No, I do not have any kind of e-reader. Yes, logistically, it would make sense for me. But I just can't.

Here's why. (In case you were wondering).

I flew the red eye back from Los Angeles with a girl that loved to read just as much as I do.

Chris Cleave received a great deal of acclaim for his book, Little Bee (click for my mini review).

It was beautifully written, but I was glad to leave it behind because thematically it was so heavy.

Even in the several times I picked up Incendiary at the book store, I just couldn't bring myself to buy it because Little Bee left me so tired and sad.

But I had several hours to myself. And my new flight attendant friend offered it to me since she had just finished it. And I accidentally read it in its entirety in a little over four hours.


Cleave wrote Incendiary well before Little Bee in what he described as 'six insomniac weeks in 2004' right after his son was born and he found himself horrified by the world he was born into.

"In an emotionally raw voice alive with grief, compassion, and startling humor, a woman mourns the loss of her husband and son at the hands of one of history’s most notorious criminals. And in appealing to their executioner, she reveals the desperate sadness of a  broken heart and a working-class life blown apart." (source)

It seemed to have been written in a frenzy, about a woman that I found very hard to know. Her selfishness and detachment made it difficult to empathize with her as much as I wanted to.

The stunning prose I devoured in Little Bee was thrown to the wayside as the punctuation and grammar was neglected in order to portray the voice of a woman lacking in finesse and social graces, but well acquainted with grief. (It's similar to The Color Purple in that it takes a few chapters before feeling familiar with the dialect and voice).

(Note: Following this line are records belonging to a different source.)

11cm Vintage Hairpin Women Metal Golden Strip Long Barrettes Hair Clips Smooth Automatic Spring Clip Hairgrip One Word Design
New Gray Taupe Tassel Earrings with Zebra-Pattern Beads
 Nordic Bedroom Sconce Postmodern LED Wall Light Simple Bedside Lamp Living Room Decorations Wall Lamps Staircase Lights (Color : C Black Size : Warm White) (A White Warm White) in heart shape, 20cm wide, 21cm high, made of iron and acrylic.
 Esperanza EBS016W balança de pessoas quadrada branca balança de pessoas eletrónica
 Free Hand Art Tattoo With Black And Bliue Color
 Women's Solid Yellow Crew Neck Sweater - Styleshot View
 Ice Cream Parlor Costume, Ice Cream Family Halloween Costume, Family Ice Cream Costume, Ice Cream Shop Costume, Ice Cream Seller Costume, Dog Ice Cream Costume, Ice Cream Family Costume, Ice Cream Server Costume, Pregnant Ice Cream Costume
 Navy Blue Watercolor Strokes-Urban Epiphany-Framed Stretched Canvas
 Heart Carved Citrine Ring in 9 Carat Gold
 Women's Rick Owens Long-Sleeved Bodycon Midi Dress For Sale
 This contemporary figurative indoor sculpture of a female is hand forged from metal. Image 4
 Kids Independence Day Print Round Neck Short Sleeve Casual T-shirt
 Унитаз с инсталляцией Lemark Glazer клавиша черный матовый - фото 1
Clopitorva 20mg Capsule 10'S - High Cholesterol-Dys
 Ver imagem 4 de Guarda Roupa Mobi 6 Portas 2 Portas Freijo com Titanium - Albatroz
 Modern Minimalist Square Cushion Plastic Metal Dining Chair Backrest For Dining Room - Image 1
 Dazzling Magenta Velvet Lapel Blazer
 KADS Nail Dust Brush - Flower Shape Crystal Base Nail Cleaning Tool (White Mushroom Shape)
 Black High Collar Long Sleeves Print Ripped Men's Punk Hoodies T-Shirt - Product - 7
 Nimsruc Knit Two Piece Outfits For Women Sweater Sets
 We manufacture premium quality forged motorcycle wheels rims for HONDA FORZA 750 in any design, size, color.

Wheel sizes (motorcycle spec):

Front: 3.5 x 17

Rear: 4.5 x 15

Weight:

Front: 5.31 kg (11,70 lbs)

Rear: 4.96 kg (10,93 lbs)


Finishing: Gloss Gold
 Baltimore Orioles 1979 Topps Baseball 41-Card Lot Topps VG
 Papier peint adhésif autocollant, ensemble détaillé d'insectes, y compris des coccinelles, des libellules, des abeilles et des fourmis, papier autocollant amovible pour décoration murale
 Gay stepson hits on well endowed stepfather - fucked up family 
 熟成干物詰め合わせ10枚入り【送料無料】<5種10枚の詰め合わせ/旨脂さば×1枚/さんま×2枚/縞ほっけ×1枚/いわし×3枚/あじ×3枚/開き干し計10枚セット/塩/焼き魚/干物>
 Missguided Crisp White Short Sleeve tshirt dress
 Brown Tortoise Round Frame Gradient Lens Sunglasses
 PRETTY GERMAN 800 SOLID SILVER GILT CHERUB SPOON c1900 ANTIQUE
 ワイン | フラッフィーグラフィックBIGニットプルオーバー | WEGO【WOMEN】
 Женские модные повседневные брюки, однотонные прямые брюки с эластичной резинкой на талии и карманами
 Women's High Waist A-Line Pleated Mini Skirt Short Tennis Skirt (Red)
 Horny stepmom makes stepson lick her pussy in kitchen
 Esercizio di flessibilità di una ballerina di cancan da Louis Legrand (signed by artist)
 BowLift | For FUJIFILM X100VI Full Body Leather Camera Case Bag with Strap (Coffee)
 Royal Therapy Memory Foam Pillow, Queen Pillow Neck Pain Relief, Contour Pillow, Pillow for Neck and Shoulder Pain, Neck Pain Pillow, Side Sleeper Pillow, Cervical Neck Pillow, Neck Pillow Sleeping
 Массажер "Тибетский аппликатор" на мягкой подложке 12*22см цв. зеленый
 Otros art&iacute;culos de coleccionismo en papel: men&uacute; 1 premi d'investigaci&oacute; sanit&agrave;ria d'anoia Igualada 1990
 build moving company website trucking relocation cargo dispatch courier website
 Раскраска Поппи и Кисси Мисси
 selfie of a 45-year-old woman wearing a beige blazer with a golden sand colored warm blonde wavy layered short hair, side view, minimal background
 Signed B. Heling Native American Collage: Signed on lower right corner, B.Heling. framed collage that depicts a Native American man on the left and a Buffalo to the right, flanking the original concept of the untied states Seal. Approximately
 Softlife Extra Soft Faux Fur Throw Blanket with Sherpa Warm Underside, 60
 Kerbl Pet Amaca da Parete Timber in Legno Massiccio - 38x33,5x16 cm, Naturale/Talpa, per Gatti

While I appreciated Cleave's ability to write about such a grotesquely bizarre story of grief, I just can't recommend it. Instead of resolve, the characters unraveled and I closed the book feeling as if I'd been dragged through a saga that never had resolve. It was harrowing without hope, and I felt consistently alienated from the characters due to their lack of compassion for anyone.

Chris Cleave is a fantastically gifted writer. But boy wears me out.